MATERIAL PROVIDED:
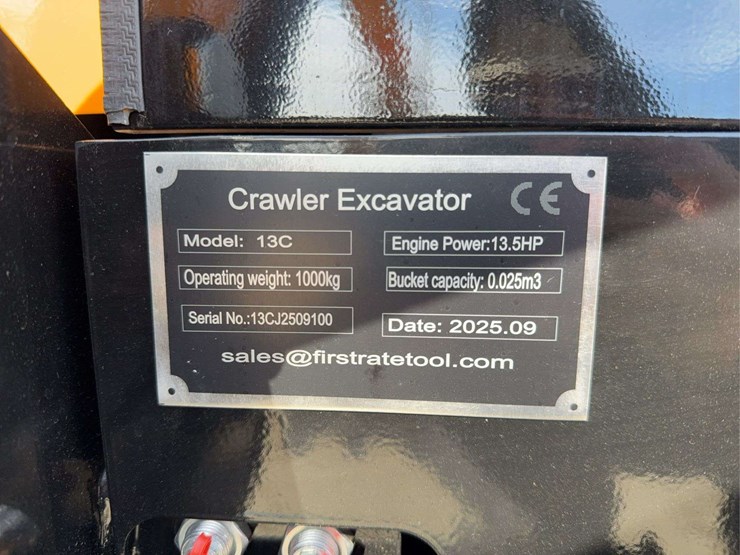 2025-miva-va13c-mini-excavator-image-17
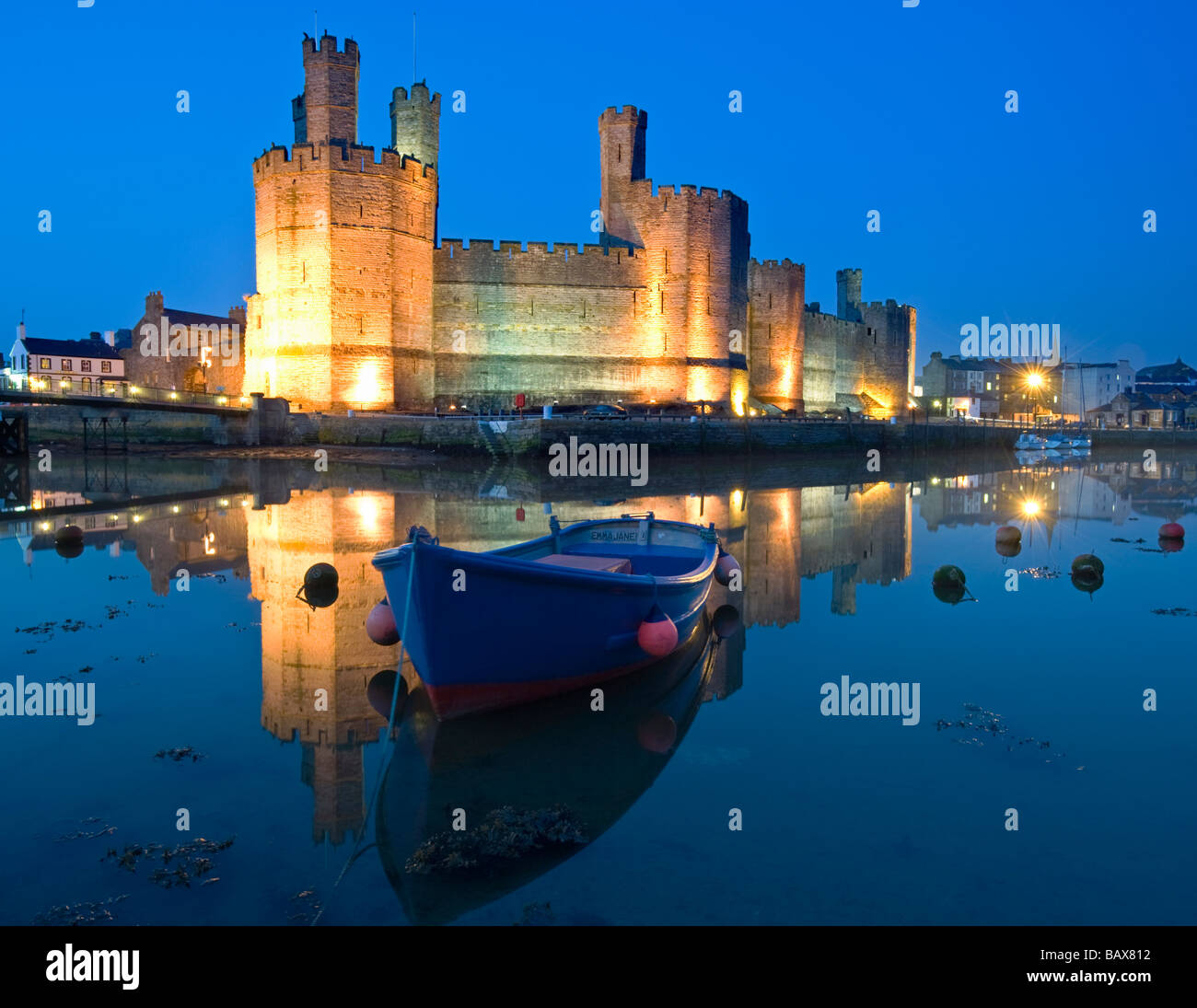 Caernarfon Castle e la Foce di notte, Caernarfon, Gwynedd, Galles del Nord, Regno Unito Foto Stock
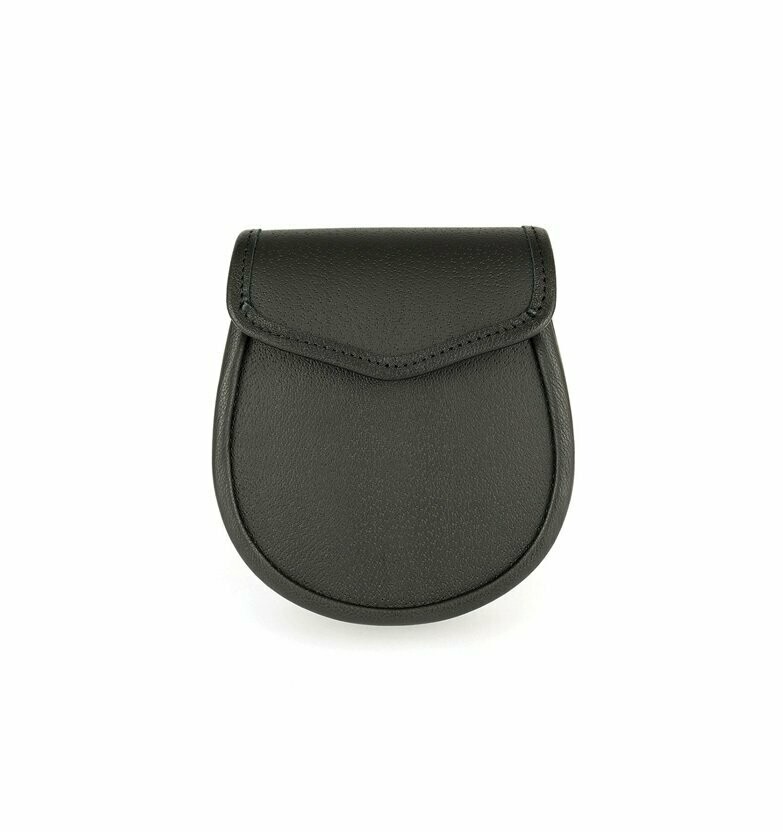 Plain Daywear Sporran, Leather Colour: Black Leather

...

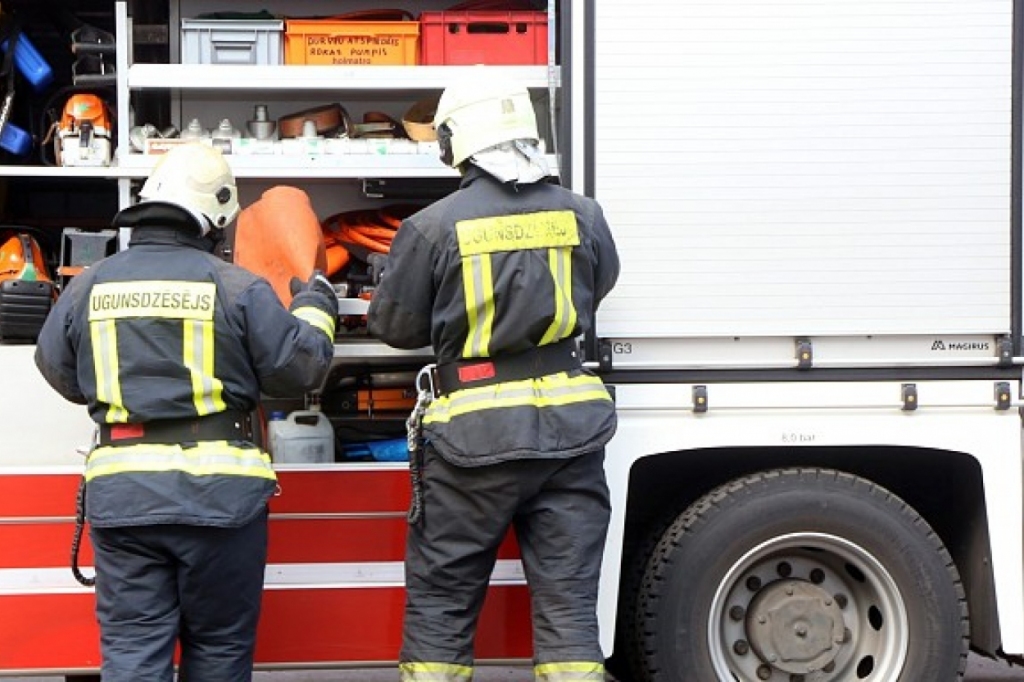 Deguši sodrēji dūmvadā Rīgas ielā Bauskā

WORK TASK:
In the listing above, find the line containing "2025-miva-va13c-mini-excavator-image-17". Output it and every line after it up to and including the line containing "Plain Daywear Sporran, Leather", exactly, but skip the pictures.

ANSWER SPACE:
 2025-miva-va13c-mini-excavator-image-17
 Caernarfon Castle e la Foce di notte, Caernarfon, Gwynedd, Galles del Nord, Regno Unito Foto Stock
 Plain Daywear Sporran, Leather Colour: Black Leather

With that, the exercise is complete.